Williams noted in his incident report that, after a brief conversation with the youth,  he received a radio call asking for backup at a fabric store near the Ohio Valley Mall. The deputy said he responded to the radio call after Hughes declined an offer for a ride. Williams left the youth where he had found him.
At 7:30 p.m. on the same day, Lester Hughes filed a missing person report on his son. When last seen, Justin was wearing a black leather jacket, blue jeans and white sneakers.
His body was found seven weeks later on April 29 in a farm pond near Crescent.
Based upon an autopsy report by former Coroner Manuel Villaverde, then-Sheriff Tom McCort ruled the death as accidental. The family vehemently disagreed and the case remains one of the most controversial in the county.
Mrs. Hughes has her own idea of what happened.
"I believe my son was murdered," she said. "I know he didn't get into that pond by himself."
On the day before he went missing, Justin helped his mother, Mary, clean walls in their Brookside home in preparation for painting. He left with a friend at 5 p.m. and called home at 9:30 p.m. to ask if he could spend the night at his friend's house as he had several times previously. Mary approved and told her son to be home by noon the next day to begin painting.
Another friend stopped by the Hughes home at 10:30 p.m. and asked for Justin. Mrs. Hughes told the visitor Justin was spending the night with the other friend. All three boys were said to have been out in the same car at 11:30 p.m. They drove to Barton where the driver said he had to stop at home for gas money. Justin asked to be dropped off at a nearby business to use the restroom and buy a can of pop. His friends claimed they never saw him again. Deputy Williams is the next person known to have seen Justin.
As noon had came and passed the next day, Mrs. Hughes began wondering about her son but she did not suspect anything out of the ordinary.
"Kids get to running around and they forget about time," she later told a reporter.
Disturbing news came when the friend called Mrs. Hughes and said Justin had not spent the night at his house. The call prompted Lester Hughes to file the missing persons report.
An exhaustive search effort, headed by former Belmont County Emergency Services Dick Quinlin, included members of local fire departments, the Ohio Valley Dive and Rescue Team, the Northern Ohio Valley Area Search and Rescue Team, Ohio State Highway Patrol helicopters equipped with heat seeking devices to detect persons on the ground and search dogs. Divers checked Wheeling Creek through Barton and several local ponds. The OSP aerial search covered the Barton area up to and including the pond near Ayers Road and Wheeling Creek from Barton to Bridgeport. Quinlin called the search off after he determined all possibilities had been explored.
Ironically,  divers had not searched the the pond from which Justin's body was recovered. It is located near Crescent several hundred yards up a hill from where Williams had encountered Justin on Belmont County 10.

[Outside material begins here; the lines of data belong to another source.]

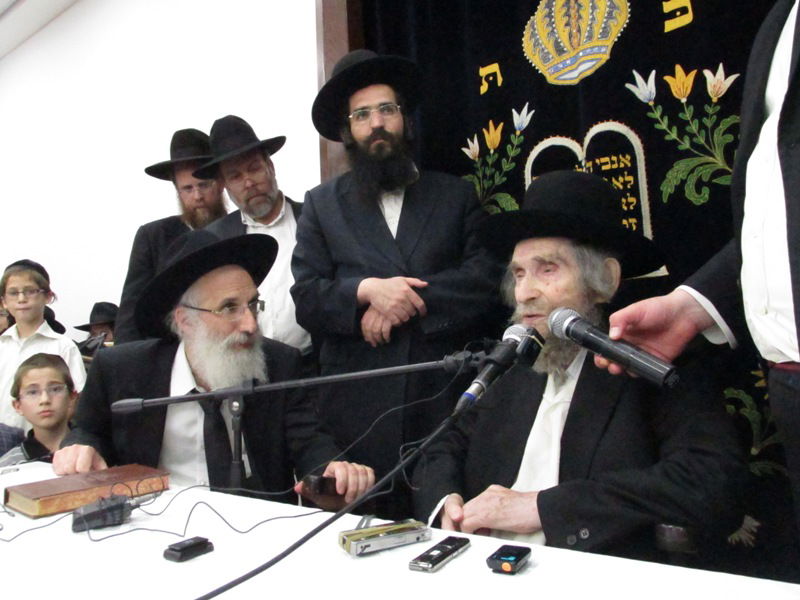 אלעד: הגראי"ל השתתף בחנוכת ישיבת "תורה בתפארתה"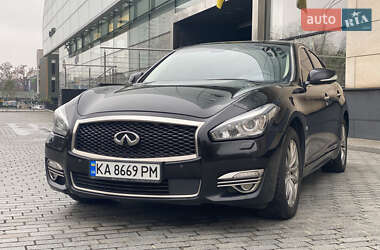 Ціни Infiniti Q70 Бензин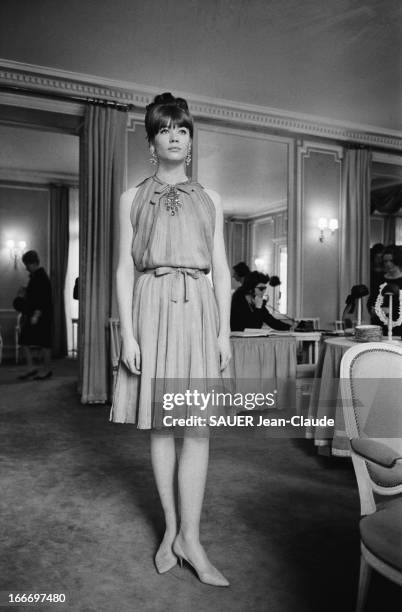 Francoise Hardy Changes Her Look. Invitée par Paris Match à poser pour la couverture du magazine Françoise HARDY a décidé de changer de style : chez...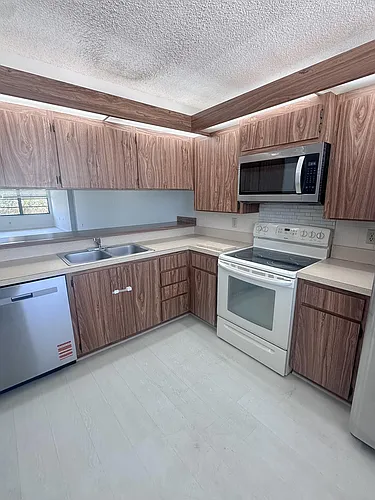 3511 Village Blvd Photo 1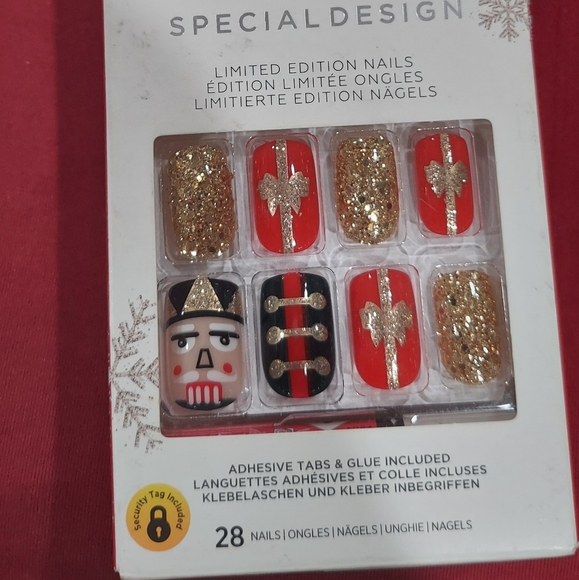 Sold KISS Nails Christmas SD Special Design Medium Length - Picture 3 of 6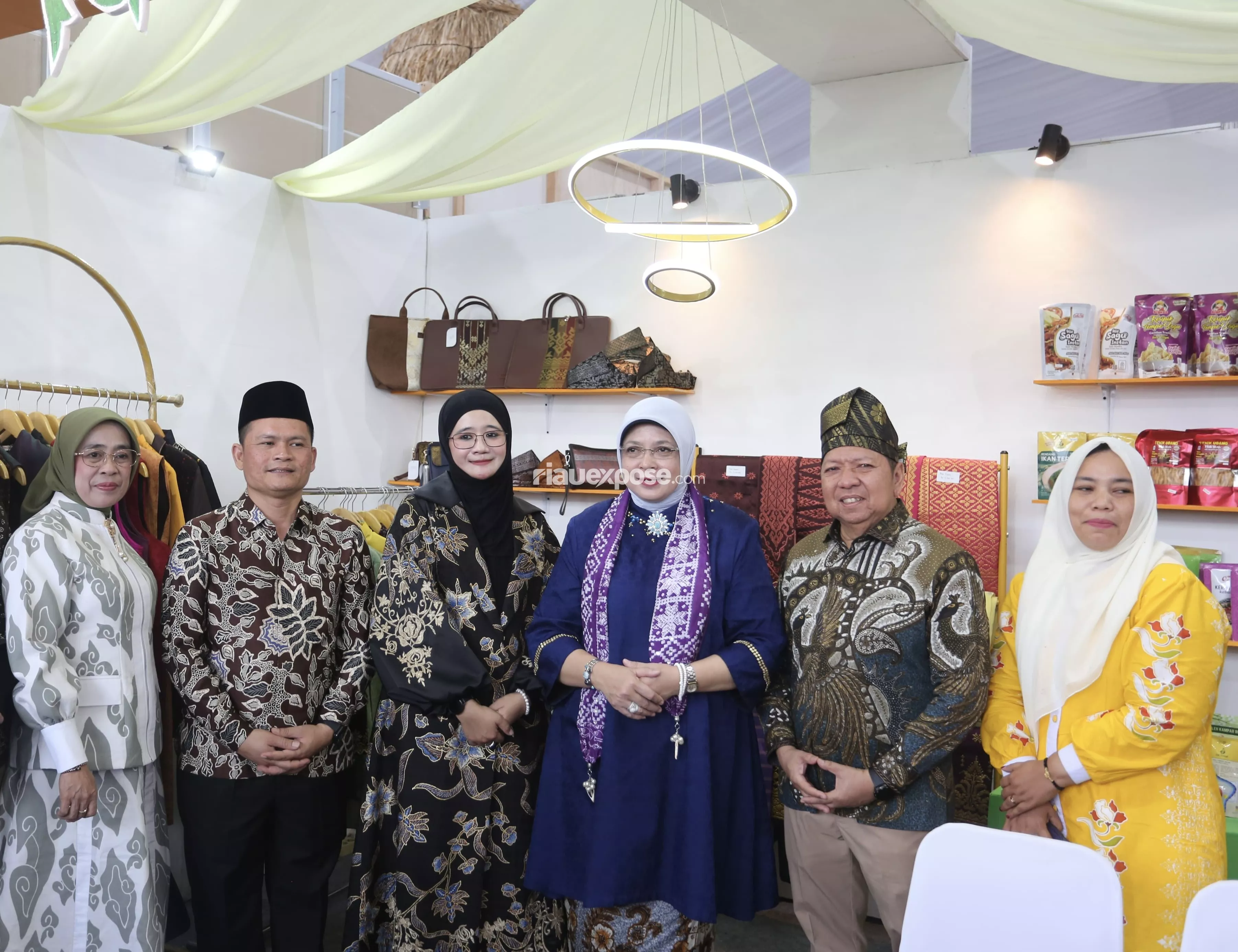 Batik Khas Riau dan Songket Curi Perhatian di Bazar UMKM MTQ 2026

McCort said "the pond is at the base of an old railroad bed and train track. The lady of the house thought she had seen a goose (floating in the pond) and she had her husband look through binoculars, and he found the body."
He said he ruled the death as accidental after the autopsy and investigation revealed no foul play.

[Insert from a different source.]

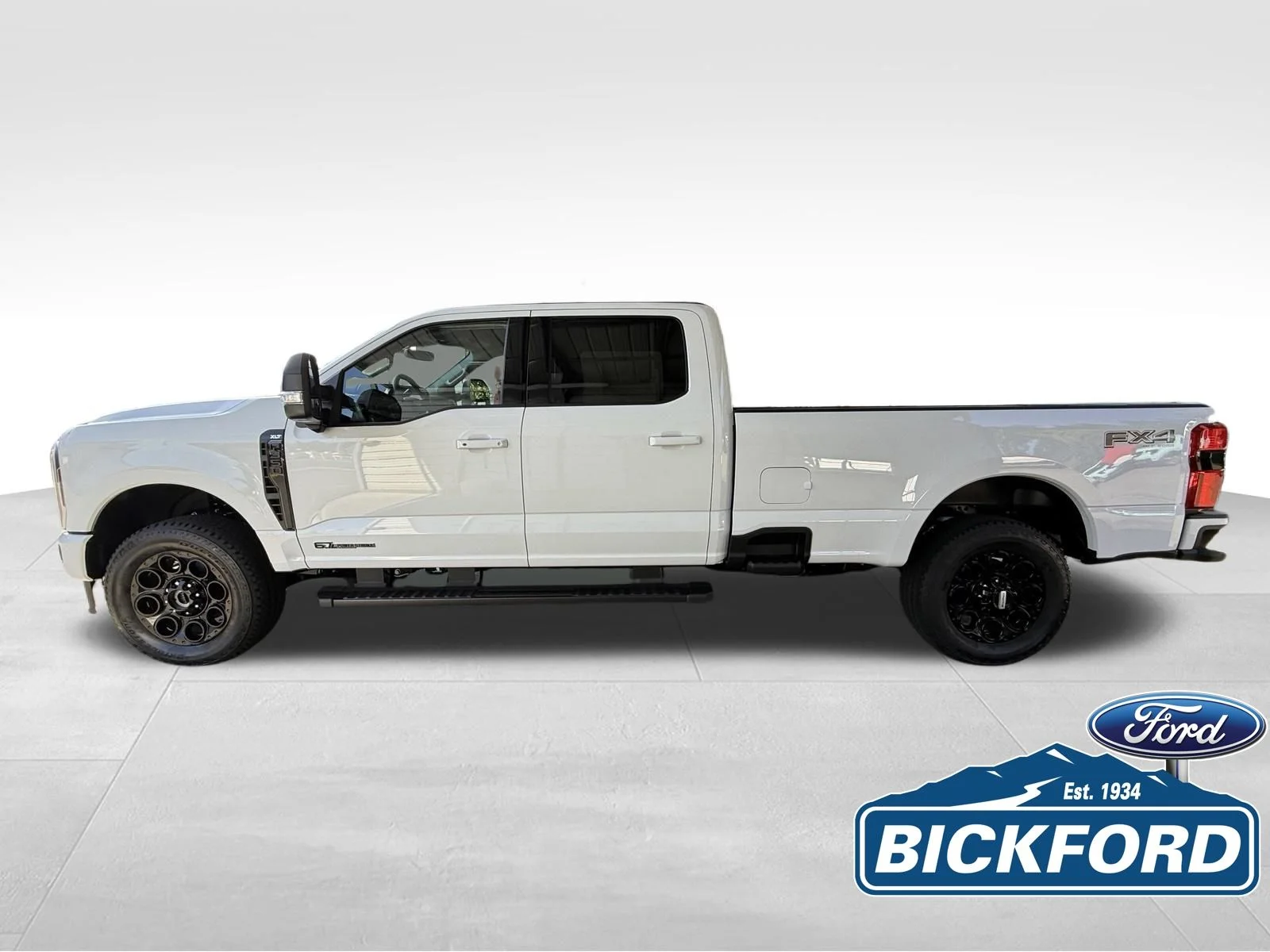 New 2026 White Ford XLT image 9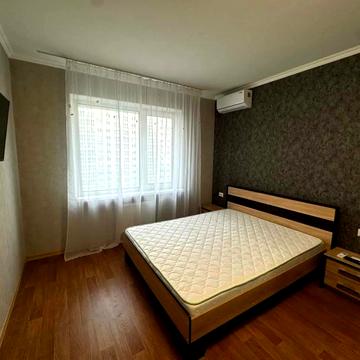 Бориса Гмирі вул., 16А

Members of the Hughes family heavily criticized McCort after news reports quoted him as saying Justin had a history of being a runaway.

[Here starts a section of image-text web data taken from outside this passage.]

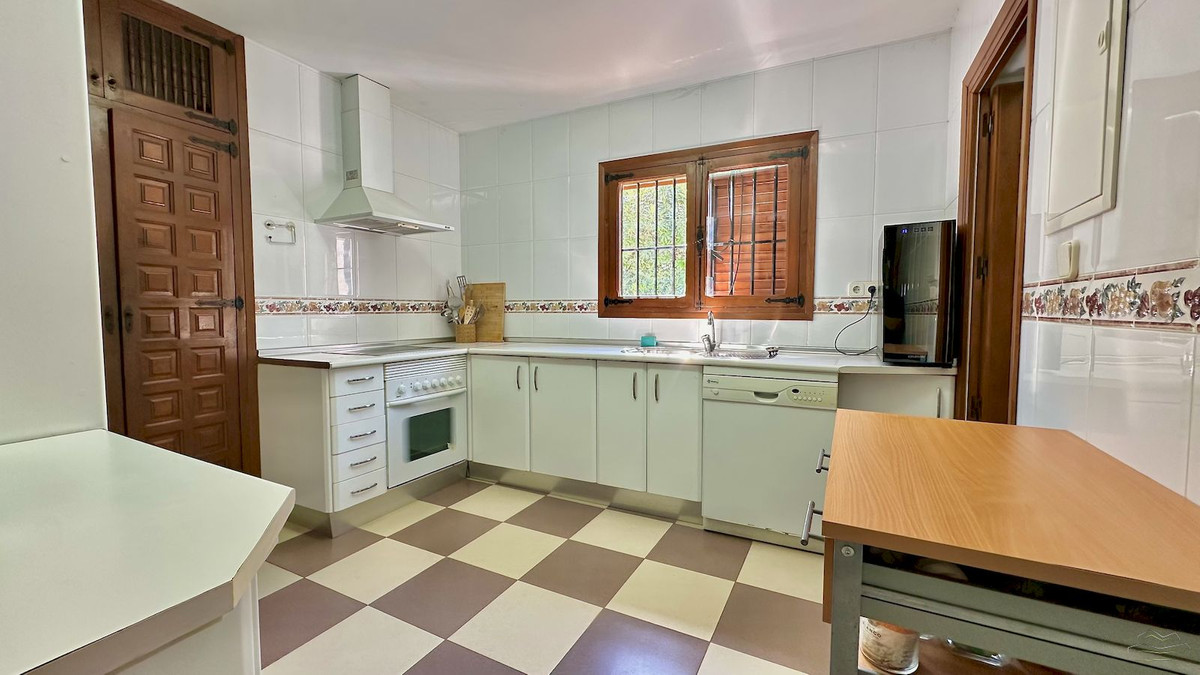 6 Bed Townhouse for sale in Javea Costa Blanca, Alicante, Spain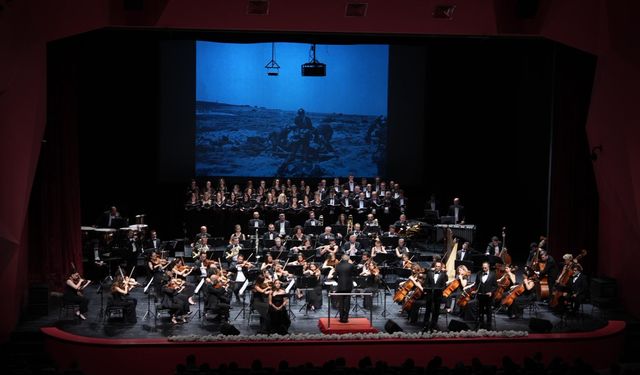Eskişehir Senfoni Orkestrası'nın konseri büyük beğeni topladı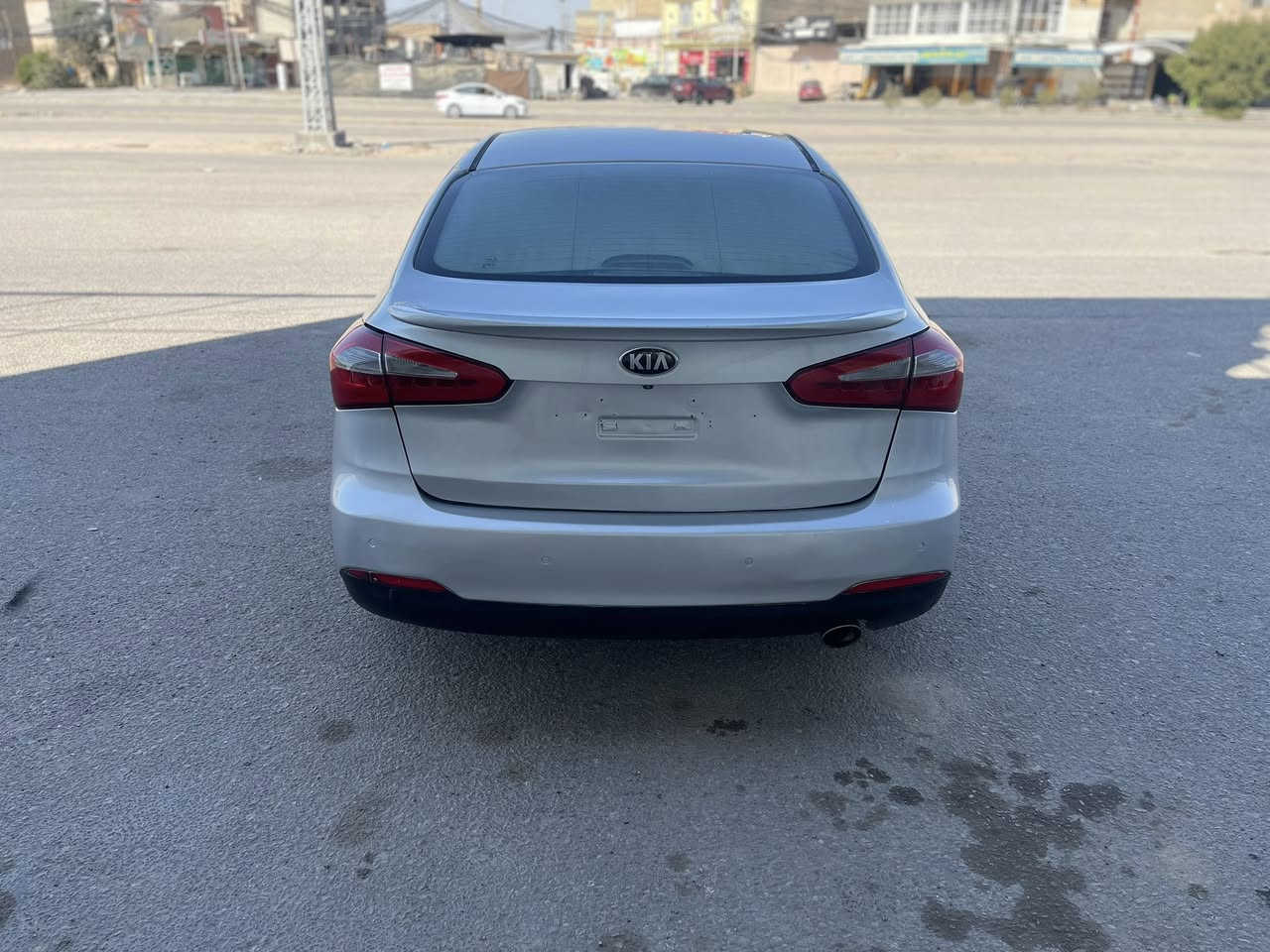 السلام عليكم ورحمة الله
كيا سيراتو خليجي 

موديل 2013 

حجم المحرك 1600 دوش مكفول شرط الفحص 

السياره فول مواصفات للاخير VIP 

بيها صبغ عام لكن السياره مكفوله كفاله عامه من ضربه حادث كص تفحص وين ميعجبك شرط البجم مامفتوح بي برغي الحوض التكم القماره كله مكفول 

سبب الصبغ جراد ونصبغت للجماليه 

السياره جاهزه كير محرك كفاله  تبريد بداية الصيف الراح سويته منضومه كامله فريز راديتر كمبريسر 
حدادية 80% 

رقم قادسية دولي بأسمي مشروع وطني اي وقت واي مكان حاضر للتحويل سنويه جديده 2028 

السعر  105

مكان السياره النجف الاشرف اي استفسار هاي ارقامي

***********
***********
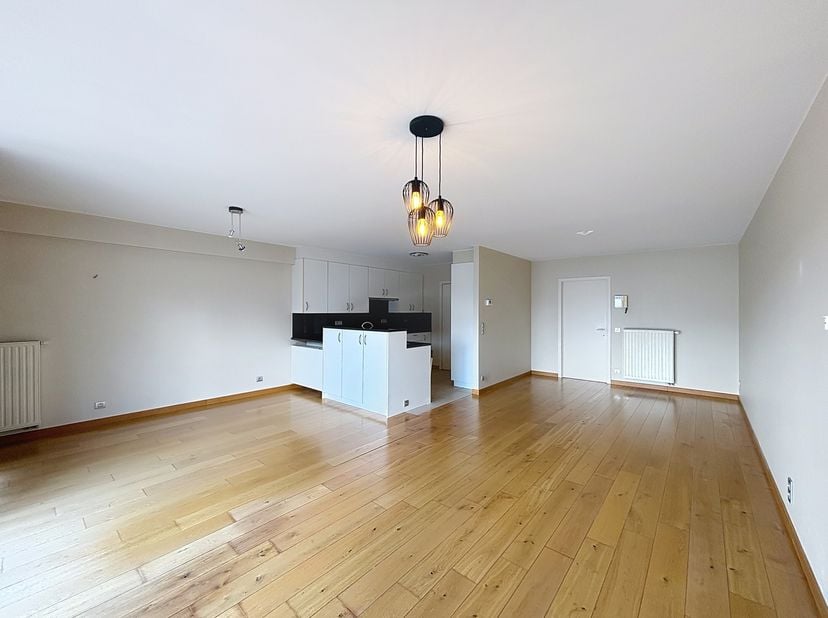 Cet appartement spacieux est situé au cur de la ville historique de Bruges, à quelques pas de toutes les commodités: restaurants, boutiques, sites tou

"The sheriff's department has painted my brother as being a juvenile delinquent and that is not the case," Justin's sister, Corena Mitchell.
Family members question why a deputy sheriff (Williams) would leave a 16-year-old boy along a rural county road at 1:53 a.m.
McCort said Williams had no reason to place Justin in the cruiser.
"If the officer had put the boy in the back of his car he would have detained him, which is a violation of his civil rights," he said.
Ohio Bureau of Criminal Investigation and Identification agents also looked into the case. They collected physical evidence and conducted several interviews involving the death. That probe produced no resolution.
Family members took the case to a national television stage in 1996 when they appeared on the Montel Williams Show with well-known psychic Sylvia Brown, who had a track record of helping law enforcement agencies find missing persons and suspects in unsolved crimes. Brown examined clothing and other personal items which had belonged to Justin.
As the questions and controversy continue, it is necessary to show authorities probable cause as to why the cause of death should be changed from accidental drowning to questionable death.